Next week George Osbourne will be announcing his plans for the UK in his annual budget speech, and many tenants and landlords will be interested to hear what types of investments will be made in to the private rented accommodation sector. This is especially true as a few weeks later the welfare reforms will be launched, meaning that those receiving benefits will have to adapt to changes in how much they receive and how they receive it.
Many tenants who live in rented accommodation and receive housing benefits are concerned over the ‘bedroom tax’ scheme which is part of the welfare reforms, which states that anyone living in rented accommodation that is found to have a ‘spare room’ will have their housing benefits cut. Many landlords are also concerned with the scheme as it means that likelihood of their tenants falling into rental arrears will increase, and unless landlords have a landlord insurance policy with rent guarantee insurance included they will find themselves out of pocket.
Local councils have also criticised the new plans, with St Helene’s Deputy council leader Barrie Grunewald labeling the new Welfare Reform Bill as “shameful”. Furthermore, the chief executive of St Helen’s biggest housing association Helena Homes, Rob Young, said: “We’ve been working with local partners and politicians to highlight the serious impact of welfare reform in St Helens and been to the House of Commons to deliver our stark message directly to the Government Ministers. The limited number of one and two bedroom properties available means finding a smaller home for the 2,789 Helena tenants who need one is quite simply a challenge we can’t meet.”

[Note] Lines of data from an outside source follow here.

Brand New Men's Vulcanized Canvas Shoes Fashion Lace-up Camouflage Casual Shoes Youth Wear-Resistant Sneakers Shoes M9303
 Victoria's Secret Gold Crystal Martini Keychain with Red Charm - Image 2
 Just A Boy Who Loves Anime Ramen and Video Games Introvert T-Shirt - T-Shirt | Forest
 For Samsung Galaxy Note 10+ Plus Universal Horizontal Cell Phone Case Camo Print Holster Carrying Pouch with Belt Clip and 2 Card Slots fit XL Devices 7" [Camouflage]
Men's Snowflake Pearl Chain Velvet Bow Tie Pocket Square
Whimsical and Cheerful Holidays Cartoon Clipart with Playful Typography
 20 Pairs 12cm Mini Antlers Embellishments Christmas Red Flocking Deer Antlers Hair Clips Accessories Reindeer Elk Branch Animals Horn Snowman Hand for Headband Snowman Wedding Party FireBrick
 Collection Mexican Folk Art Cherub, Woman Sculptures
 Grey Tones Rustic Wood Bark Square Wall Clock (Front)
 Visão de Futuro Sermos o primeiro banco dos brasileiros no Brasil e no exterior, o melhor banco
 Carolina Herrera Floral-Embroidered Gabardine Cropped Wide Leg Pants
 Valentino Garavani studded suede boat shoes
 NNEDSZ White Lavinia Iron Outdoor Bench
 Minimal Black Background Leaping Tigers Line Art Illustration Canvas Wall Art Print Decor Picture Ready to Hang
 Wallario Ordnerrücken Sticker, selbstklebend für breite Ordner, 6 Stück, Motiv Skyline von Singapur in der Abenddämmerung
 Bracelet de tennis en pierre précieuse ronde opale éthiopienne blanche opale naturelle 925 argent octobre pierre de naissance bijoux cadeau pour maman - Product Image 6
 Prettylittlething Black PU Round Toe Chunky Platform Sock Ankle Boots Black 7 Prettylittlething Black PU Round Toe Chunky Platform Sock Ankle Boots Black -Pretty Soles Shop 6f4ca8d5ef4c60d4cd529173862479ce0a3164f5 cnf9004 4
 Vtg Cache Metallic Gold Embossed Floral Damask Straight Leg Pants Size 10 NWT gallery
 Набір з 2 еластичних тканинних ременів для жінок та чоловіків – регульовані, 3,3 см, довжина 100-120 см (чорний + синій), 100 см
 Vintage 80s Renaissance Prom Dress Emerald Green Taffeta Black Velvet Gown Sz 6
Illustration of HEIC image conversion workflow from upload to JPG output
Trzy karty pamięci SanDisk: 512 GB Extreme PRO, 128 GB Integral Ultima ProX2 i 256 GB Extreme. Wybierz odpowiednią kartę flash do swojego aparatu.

Mr Young has claimed that many of the Association’s tenants will be adversely affected by the bedroom tax, and that 2,027 of their tenants will be classed as under-occupying their property by one bedroom, and 762 tenants by two bedrooms. Councillor Grunewald added: “The people affected by the bedroom tax are not shirkers lazing around behind closed curtains, living a life on the dole with acres of spare room they don’t need, but are dedicated parents of children at university, or in the army, or who live with them only half of the week, or hard-working people on low earning. What is so cruel about this policy is that it aims deliberately to drive poor people further into hardship. The Lib Dems and Tories should be ashamed.